Test-driving a potential autism drug
Research shows drug candidate NitroSynapsin helps correct signaling imbalances in animal models
LA JOLLA, Calif.—A multi-institution collaboration on autism has demonstrated the utility of a candidate drug in animal models, which could bode well for humans as the compound approaches clinical trials. The collaborators included scientists from the Scintillon Institute, Sanford Burnham Prebys Medical Discovery Institute, the University of California, San Diego School of Medicine and other institutions. The study, “NitroSynapsin therapy for a mouse MEF2C haploinsufficiency model of human autism,” was published in Nature Communications.
This recent work built off of a study conducted in 1993 by Dr. Stuart Lipton, professor and Hannah and Eugene Step Chair at The Scripps Research Institute (TSRI), and his laboratory at Harvard Medical School. At that time, the team identified a gene known as MEF2C as possibly playing a significant role in brain development.
The researchers further investigated MEF2C in animal models in 2008, discovering that disrupting MEF2C in the brains of mice early in fetal development caused mice to be born with severe, autism-like abnormalities. The gene encodes a protein that serves as a transcription factor. Since then, other teams have shared cases of children with a similar disorder resulting from a mutation to one copy of MEF2C, a condition now known as MEF2C haploinsufficiency syndrome (MHS). While MHS only accounts for a fraction of autism spectrum disorder (ASD) cases, large-scale genomic studies have demonstrated that mutations associated with various autism disorders frequently involves genes that are activated by MEF2C.
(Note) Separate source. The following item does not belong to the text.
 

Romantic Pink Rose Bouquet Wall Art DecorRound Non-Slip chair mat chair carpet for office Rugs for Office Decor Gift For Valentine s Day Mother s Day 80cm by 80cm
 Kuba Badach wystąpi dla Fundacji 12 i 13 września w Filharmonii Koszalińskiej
“Because MEF2C is important in driving so many autism-linked genes, we’re hopeful that a treatment that works for this MEF2C-haploinsufficiency syndrome will also be effective against other forms of autism, and in fact, we already have preliminary evidence for this,” Lipton said in a news release. He served as senior investigator for the recent Nature Communications study.
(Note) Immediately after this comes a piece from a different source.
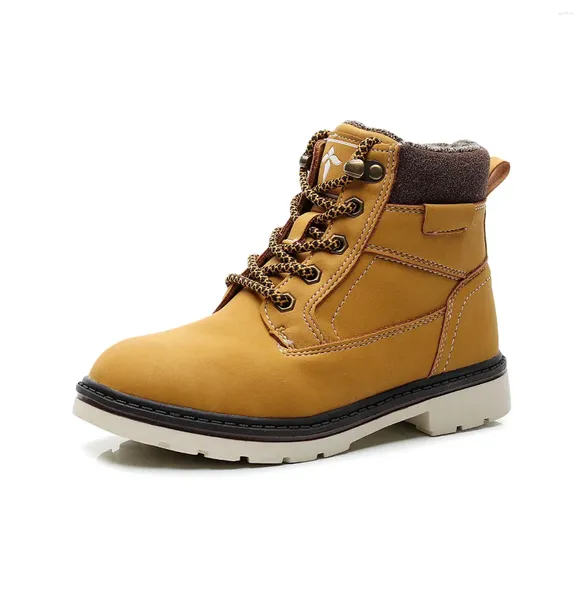 Botas impermeáveis ​​chirldren neve inverno meninas meninos sapatos quentes com lã moda couro para crianças eur tamanho 30-35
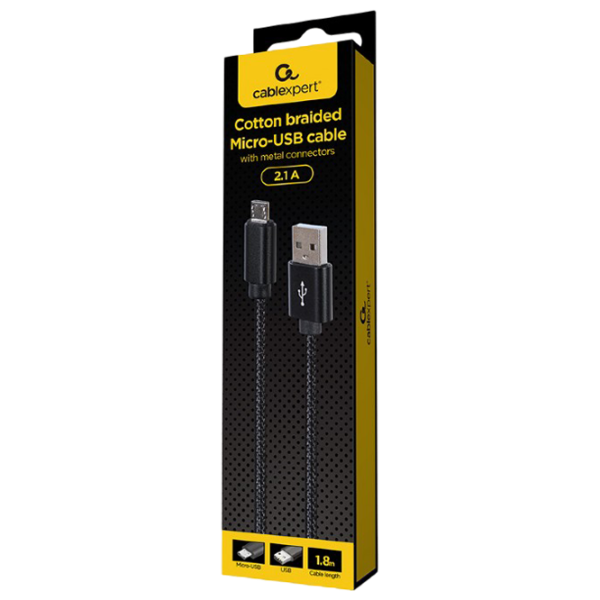 Кабель для телефона CCDB-mUSB2B-AMBM-6 Gembird microUSB + USB Type-A 1.8 м / Черный photo 2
He adds that “The transcription factor MEF2C is important in neuronal development and also in the immune and cardiac systems. There are other isoforms of MEF2 that may compensate for some of these functions, but the nervous system is particularly vulnerable to MEF2C haploinsufficiency (when one allele of the gene is mutated to affect it abrogate it function).”
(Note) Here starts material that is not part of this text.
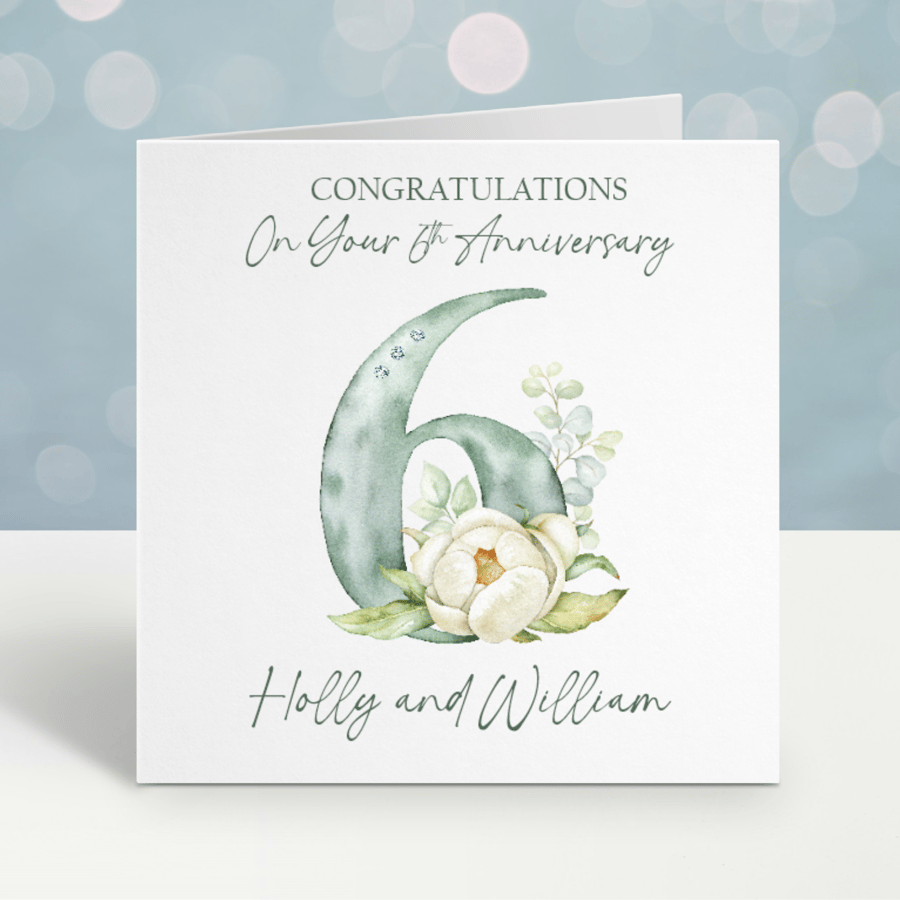 Handmade Personalised 6th Wedding Anniversary Card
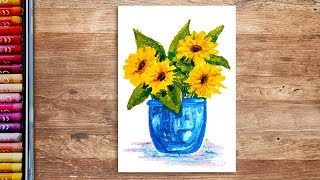 Oil Pastel Flower Vase Easy Flower Painting In Vase Kolay Pastel Boya Çalışması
In this most recent work, Lipton and colleagues developed a laboratory model of MHS by engineering mice with only one functioning copy of the mouse version of MEF2C. These mice presented with abnormal anxiety, abnormal repetitive movements and impairments in spatial memory, as well as other signs that match human MHS. Brain analyses of the mice revealed issues such as excessive excitatory signaling over inhibitory signaling in key brain regions. A similar imbalance of excitatory/inhibitory (E/I) signaling is seen in the majority of forms of ASD.
After developing their animal model, the team treated the mice with NitroSynapsin for three months. The drug candidate is an aminoadamantane nitrate compound related to memantine, an Alzheimer’s disease drug that was previously developed by Lipton’s group and has been approved by the FDA, and is known to reduce excess excitatory signaling in the brain. NitroSynapsin did prove capable of reducing the E/I imbalance and abnormal behaviors in the mice, and improved their performance on cognitive/behavioral tests, with some improving to near-normal levels.
“The dual-functional drug acts both as an NMDAR open-channel blocker and redox modulator; in fact, the aminoadamantane moiety targets the nitro payload to the second site of action, the redox modulatory sites of the NMDAR, composed of critical regulatory cysteine residues. Recent publications have discussed the excellent CNS permeation of the drug and its very good pharmacokinetic and phamacodynamic parameters,” the authors noted in the paper.
They add that one explanation for NitroSynapsin’s effects is that “NitroSynapsin treatment, by protecting synapses, may indirectly increase excitatory input onto compromised inhibitory neurons in Mef2c-hets, thus enhancing their activity in order to compensate for the E/I imbalance.”
As for where the research will go from here, Lipton tells DDNews that “We have shown E/I imbalance and neurobehavioral abnormalities in other forms of ASD are also benefitted by NitroSynapsin. We are currently trying to raise funds to finish preclinical studies for the FDA in order to perform a clinical trial.”
In the meantime, the team is applying stem cell technology to generate cell-based models of MHS using skin cells from children with MHS. Thus far, NitroSynapsin seems to work in these human models.